I mean, you can verify that you are who you say you are simply by using your private key to sign a message; I would think a comparable process would work for this.

EDIT: Facepalm; you're hashing the public key. You don't need to hide that. See my comment below.

3 comments

Two points. First, crypto is hard. Unless a system is proven to have a certain property, assume the worst case scenario for your system. Second, SHA256, RIPEMD160 are hashes. By definition (of an ideal hashing algorithm), every output can be generated with the same probability, and changing a single bit of the input will have a 50% chance of changing a given output bit.
I am familiar with how hashes work (I've written a Bitcoin address generator myself). To illustrate what I mean:

The Bitcoin address is just some chain of hashes (and a checksum) applied to the public key. To prove that the address IS actually output from the hash functions [and not spam], simply provide the public key along with it. Of course, you might say that is way too much data for the blockchain to handle. So you only limit the requirement of providing the public key to "suspicious" transactions. What constitutes a suspicious transaction could be a matter of debate, but I imagine it could be done, and it would avoid the problem of a Bitcoin's value depending on its ancestry.

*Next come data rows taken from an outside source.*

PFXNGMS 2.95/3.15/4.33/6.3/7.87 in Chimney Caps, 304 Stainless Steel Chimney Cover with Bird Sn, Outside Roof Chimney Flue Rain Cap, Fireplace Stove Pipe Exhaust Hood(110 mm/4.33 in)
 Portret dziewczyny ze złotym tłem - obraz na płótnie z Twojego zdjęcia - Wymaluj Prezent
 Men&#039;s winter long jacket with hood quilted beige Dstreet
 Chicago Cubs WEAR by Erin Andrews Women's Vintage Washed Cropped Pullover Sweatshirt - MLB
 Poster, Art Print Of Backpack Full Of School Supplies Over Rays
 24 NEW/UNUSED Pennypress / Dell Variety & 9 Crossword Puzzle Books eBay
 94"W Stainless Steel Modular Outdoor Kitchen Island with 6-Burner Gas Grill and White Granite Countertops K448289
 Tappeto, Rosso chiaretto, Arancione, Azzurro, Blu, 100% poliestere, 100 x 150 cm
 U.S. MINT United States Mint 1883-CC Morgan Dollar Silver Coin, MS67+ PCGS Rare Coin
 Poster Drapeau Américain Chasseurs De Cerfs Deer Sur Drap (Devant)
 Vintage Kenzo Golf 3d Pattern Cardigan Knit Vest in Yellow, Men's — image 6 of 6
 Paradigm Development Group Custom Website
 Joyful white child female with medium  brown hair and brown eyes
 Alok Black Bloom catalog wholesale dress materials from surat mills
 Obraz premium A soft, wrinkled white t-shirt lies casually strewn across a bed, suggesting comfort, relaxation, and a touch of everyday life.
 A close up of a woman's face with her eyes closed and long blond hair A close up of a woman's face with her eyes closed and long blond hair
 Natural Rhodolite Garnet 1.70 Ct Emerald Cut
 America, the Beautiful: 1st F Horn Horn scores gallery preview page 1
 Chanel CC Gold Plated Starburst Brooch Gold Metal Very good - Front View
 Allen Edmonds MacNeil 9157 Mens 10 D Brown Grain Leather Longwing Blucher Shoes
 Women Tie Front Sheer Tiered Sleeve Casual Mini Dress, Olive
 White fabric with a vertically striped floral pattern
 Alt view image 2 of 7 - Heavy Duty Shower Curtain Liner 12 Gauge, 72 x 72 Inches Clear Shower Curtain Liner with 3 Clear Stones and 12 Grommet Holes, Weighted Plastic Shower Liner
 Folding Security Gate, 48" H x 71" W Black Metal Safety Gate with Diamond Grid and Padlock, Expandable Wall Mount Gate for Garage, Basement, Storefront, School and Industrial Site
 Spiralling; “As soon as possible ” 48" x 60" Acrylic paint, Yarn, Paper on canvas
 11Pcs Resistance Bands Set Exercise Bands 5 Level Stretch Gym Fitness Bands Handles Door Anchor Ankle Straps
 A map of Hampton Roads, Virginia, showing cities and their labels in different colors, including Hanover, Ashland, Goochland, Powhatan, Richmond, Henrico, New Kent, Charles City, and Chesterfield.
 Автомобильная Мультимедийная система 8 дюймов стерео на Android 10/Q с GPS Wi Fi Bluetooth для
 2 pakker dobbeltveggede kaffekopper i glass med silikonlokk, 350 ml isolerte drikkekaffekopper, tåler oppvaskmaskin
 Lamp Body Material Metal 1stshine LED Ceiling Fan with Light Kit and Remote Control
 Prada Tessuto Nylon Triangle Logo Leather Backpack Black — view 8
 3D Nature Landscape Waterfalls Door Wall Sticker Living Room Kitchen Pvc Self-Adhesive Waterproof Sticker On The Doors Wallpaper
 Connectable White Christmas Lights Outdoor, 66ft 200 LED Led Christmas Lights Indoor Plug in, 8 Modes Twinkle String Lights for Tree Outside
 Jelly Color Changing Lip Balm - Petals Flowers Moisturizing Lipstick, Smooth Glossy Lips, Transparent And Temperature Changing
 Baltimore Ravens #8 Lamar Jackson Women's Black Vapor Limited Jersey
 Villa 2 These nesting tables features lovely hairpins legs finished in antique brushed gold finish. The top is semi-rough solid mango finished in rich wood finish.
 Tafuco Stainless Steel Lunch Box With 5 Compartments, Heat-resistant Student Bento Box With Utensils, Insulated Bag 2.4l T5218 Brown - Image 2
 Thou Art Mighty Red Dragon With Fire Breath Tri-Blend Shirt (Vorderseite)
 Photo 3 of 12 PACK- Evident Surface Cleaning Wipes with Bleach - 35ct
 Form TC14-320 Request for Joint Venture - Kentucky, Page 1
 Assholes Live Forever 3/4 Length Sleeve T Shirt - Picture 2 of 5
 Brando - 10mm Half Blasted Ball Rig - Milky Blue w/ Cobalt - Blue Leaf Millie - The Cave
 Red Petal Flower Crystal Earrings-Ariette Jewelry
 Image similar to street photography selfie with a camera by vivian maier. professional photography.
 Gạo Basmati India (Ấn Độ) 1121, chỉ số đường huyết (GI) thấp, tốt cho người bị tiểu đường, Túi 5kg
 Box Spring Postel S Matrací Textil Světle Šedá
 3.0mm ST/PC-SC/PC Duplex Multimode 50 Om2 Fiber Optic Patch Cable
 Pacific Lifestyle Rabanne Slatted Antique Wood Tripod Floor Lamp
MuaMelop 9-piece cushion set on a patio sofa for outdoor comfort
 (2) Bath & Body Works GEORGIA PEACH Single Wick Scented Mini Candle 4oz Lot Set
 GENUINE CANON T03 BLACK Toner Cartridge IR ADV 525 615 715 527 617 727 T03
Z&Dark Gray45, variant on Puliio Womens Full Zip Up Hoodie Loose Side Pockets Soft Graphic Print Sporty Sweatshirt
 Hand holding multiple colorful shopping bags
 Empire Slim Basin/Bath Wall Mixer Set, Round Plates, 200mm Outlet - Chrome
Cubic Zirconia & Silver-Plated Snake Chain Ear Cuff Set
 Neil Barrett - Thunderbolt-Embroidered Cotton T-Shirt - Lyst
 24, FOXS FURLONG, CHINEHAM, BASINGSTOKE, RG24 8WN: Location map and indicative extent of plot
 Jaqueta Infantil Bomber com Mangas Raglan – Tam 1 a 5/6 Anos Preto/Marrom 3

Yeah, I think there is actually WIP to do something along the lines of what you worked out.

However, I'm not sure what good identifying "suspicious transactions" is going to do. They're not reversible. You can't really make any attempt to "blacklist" them - you'll almost surely lose.

Clever! I completely forgot that was posted on HN like a week ago.
> I would think the solution to this problem

I see no problem here. Perhaps you could describe it?

I'm sorry. I don't understand your post.